_Data extracts_
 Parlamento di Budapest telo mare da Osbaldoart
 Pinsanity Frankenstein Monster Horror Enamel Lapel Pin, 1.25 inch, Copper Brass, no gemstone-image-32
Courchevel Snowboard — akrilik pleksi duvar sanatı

* * *

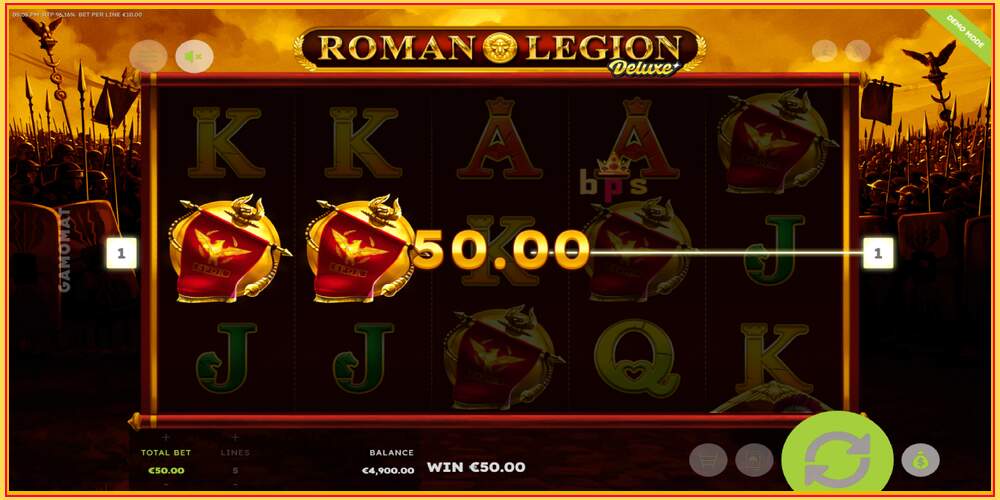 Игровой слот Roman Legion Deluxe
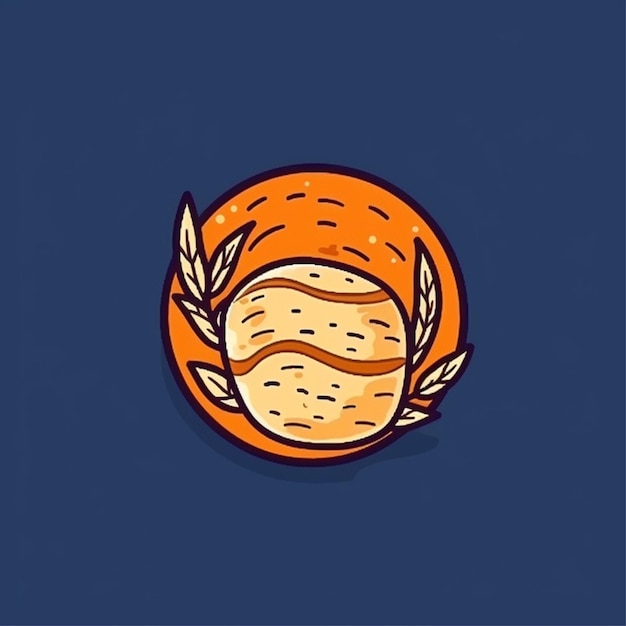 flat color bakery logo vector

_Your objective_
Could you set down, exactly as written, the lines above between the one holding "Parlamento di Budapest" and the one holding "Courchevel Snowboard —", inclusive, and nothing more?

_Task result_
 Parlamento di Budapest telo mare da Osbaldoart
 Pinsanity Frankenstein Monster Horror Enamel Lapel Pin, 1.25 inch, Copper Brass, no gemstone-image-32
Courchevel Snowboard — akrilik pleksi duvar sanatı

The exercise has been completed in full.